I’m currently using Ross Xpression and Ross Cambot to do virtual objects for the same News Channel in Lima, 3d is mostly a hobby for me, so I’m using blender a lot. C4D I use also for xparticles because that plugin is a beast. If C4d can overcome its slow performance (and I’m sure they can) they could be king in 3D. Sadly, Epic doesn’t have an extra million dollars for Maxon.

Yes, I know about all those. Tried Clarisse very interesting.

Guess I was pining for the older days when everything was under one hood…but seriously that’s just not possible anymore.

The trend is like going back to wavefront. Open modeler, save, open kinemation, etc.
But all the back and forth can get mind numbing. So then things were stuffed under one hood…but that came to an end when specialty software came in strong.

It’s necessary because no one can expect one software to do it all.
Softimage tried real hard even with a built in compositor.
Then when z and mud came along it’s like really?..more features to stuff into one program.
As things matured and some things became relatively standard like sub-d, .obj, FBX etc
things could be more easily moved in and out of different software.
That’s when things broke off in many different directions.
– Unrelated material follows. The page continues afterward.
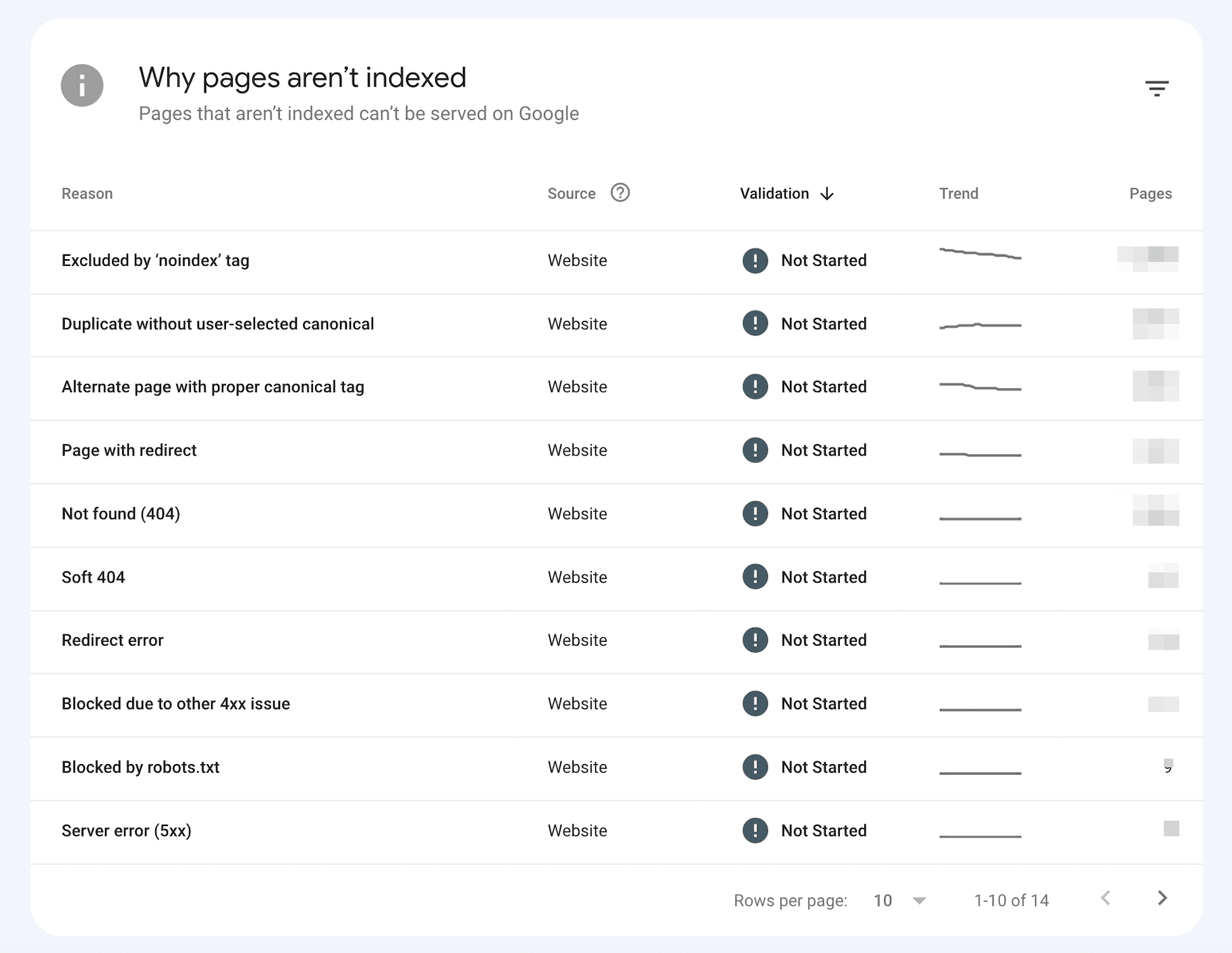 URLs that are not indexed in GSC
Different software for clothes, plants, terrain…etc.

So certainly it makes sense in a big production enviro, but it’s not for the freelance desktop guys.
Way too expensive to build even a mild pipeline. Ever notice how expensive speedtree is?
And there’s one for games and one for cinema and you not supposed to use the cinema version for games…lol…why…mo money.

Maya and Softimage couldn’t handle it because they’re last century code based in obsolete 32bit systems.
Both were sorely in need of a core upgrade. Even still, it makes more sense to fractalize 3d into many different software, even if it’s daunting to learn so many.

Ramblin man…I know

Well I’m in Trujillo if you ever want to learn for real.